MES, Governo prepara retromarcia
“Negoziamo accordi con la buona fede che tutte le parti rispettino i propri impegni. Questa fiducia è fondamentale per il funzionamento dell’Ue”. In una situazione “molto difficile” ogni “passo per rafforzare l’Unione economica e monetaria invia un segnale forte”, ha detto Donohoe nell’ intervento all’Istituto Sturzo, dicendosi “convinto che riusciremo a compiere progressi nella ratifica e nell’attuazione del trattato Meccanismo europeo di stabilità (Mes)”. E’ una riforma “fondamentale” che “ci offre strumenti più comuni per affrontare le crisi”. Parole tutt’altro che sibilline.
Ovviamente, si affrettano a chiarire il Governo, la ratifica del Mes non significa che l’Italia ricorrerà al fondo “Salva Stati”. Anzi. “Finché io conto qualcosa, che l’Italia non acceda al Mes lo posso firmare con il sangue”, ha garantito il Presidente del Consiglio alla fine di dicembre.

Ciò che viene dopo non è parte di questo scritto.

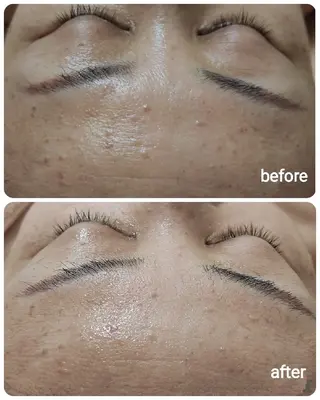 山野愛子どろんこ美容〜Lough〜所属・山野愛子どろんこ美容 Loughのエステ・リラクイメージ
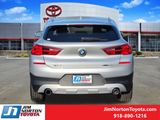 Used 2019 BMW X2 SUV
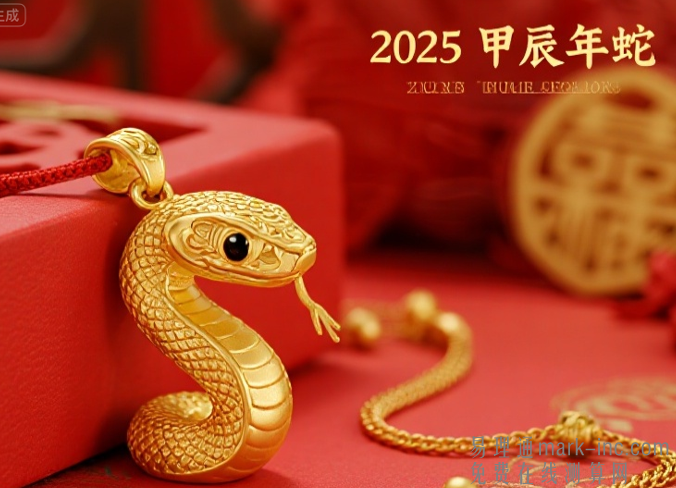 2025蛇年犯太岁的生肖及化解方法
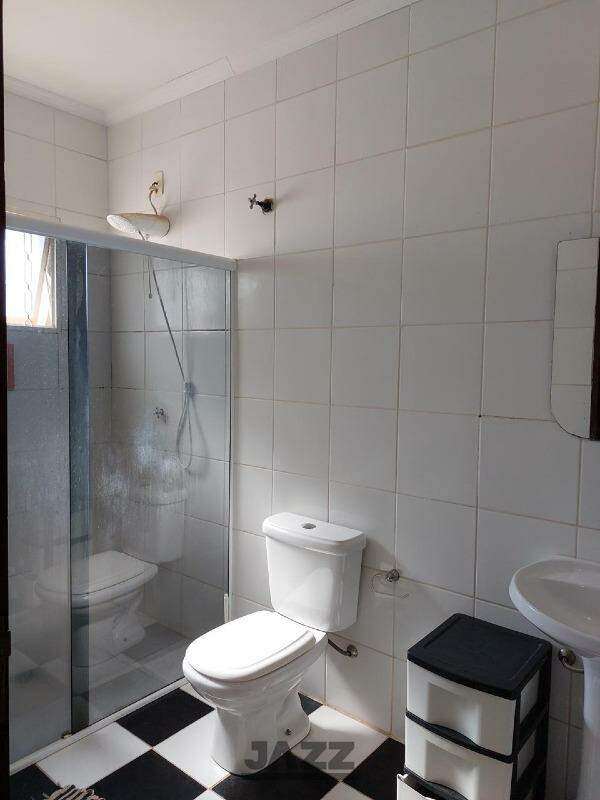 Casa à venda com 3 quartos, 260m² - Foto 15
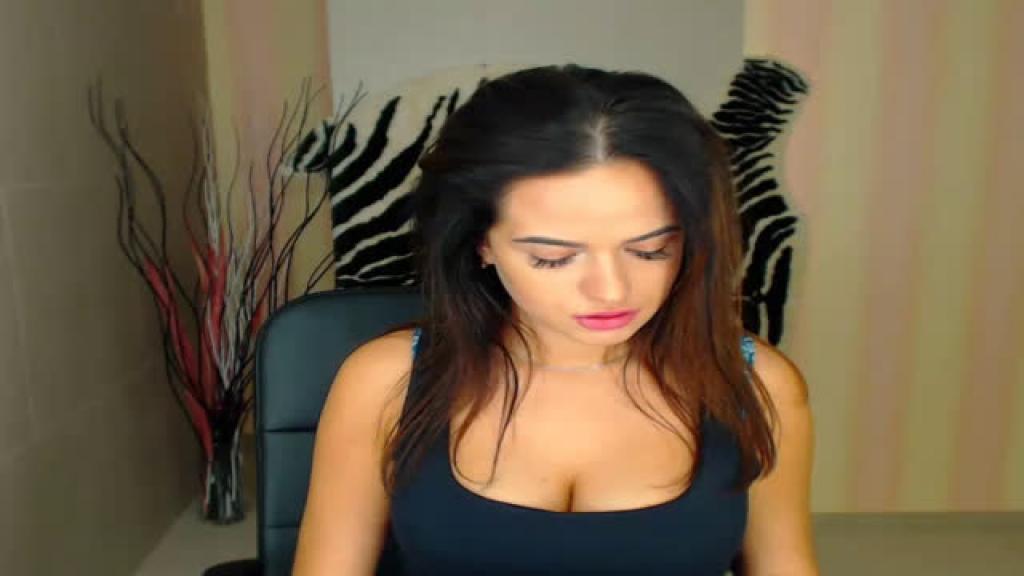 padysweety [2017-05-04 22:55:43]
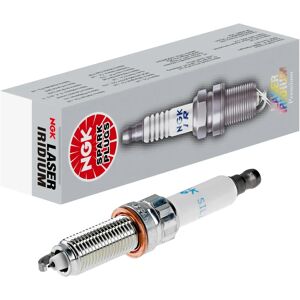 NGK Spark Plug 97506 - Spark Plug NGK Spark Plug 97506 - Spark Plug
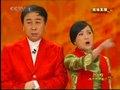 暖冬下载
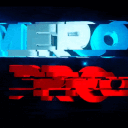 Mero Gaming Community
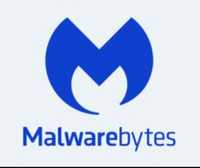 Licenta Malwarebytes + VPN + Brawser Guard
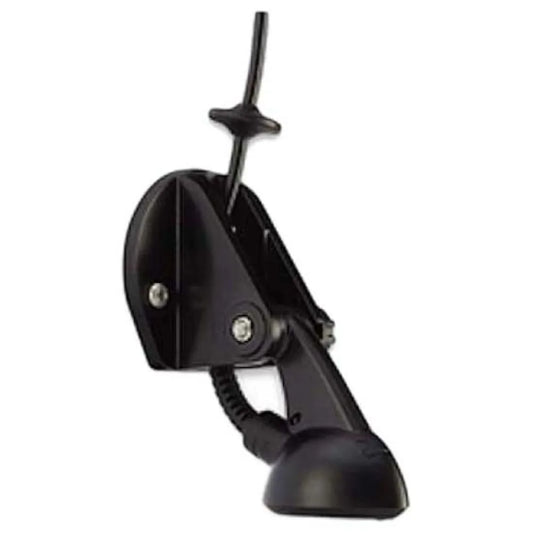 Raymarine plastic CPT S CHIRP Stern Mounting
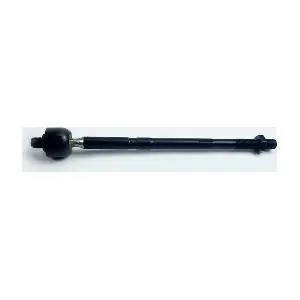 ABTEX BBR7056S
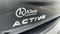 2025 Ford Expedition Active 202A/Panoramic Roof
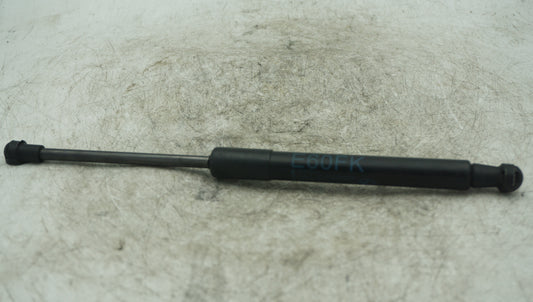 BMW 5 SERIES E60 BONNET STRUT 7008745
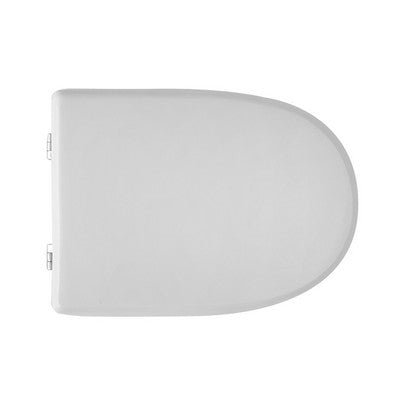 Wc - Sitz Für Axa WC Verbena Form 4 - MEGART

Italia pronta alla ratifica
Finora Roma ha temporeggiato in attesa di notizie da Berlino: insieme all’Italia, infatti, la Germania era l’unico Paese dell’Eurozona a non aver ancora ratificato la riforma del MES, attendendo proprio la pronuncia della Corte di Karlsruhe che è arrivata gli inizi di dicembre quando ha respinto il ricorso sul MES, dando di fatto il via libera alla ratifica.
Bruxelles piega (ancora) Roma
A questo punto l’Italia rischia l’isolamento visto che di fatto resta l’unico Paese ad opporsi da anni al fondo salva-Stati. La novità è che però, a differenza di quanto accadeva quando il centrodestra era all’opposizione, il Governo non ha alcuna intenzione di forzare la mano con Bruxelles. “Non ha senso lasciare bloccati lì decine di miliardi di euro che potrebbero essere usati diversamente”, predica Meloni che dunque prepara la retromarcia.L’ennesima, dopo quella sul Pos. E – secondo alcuni esperti – non sarà di certo l’ultima.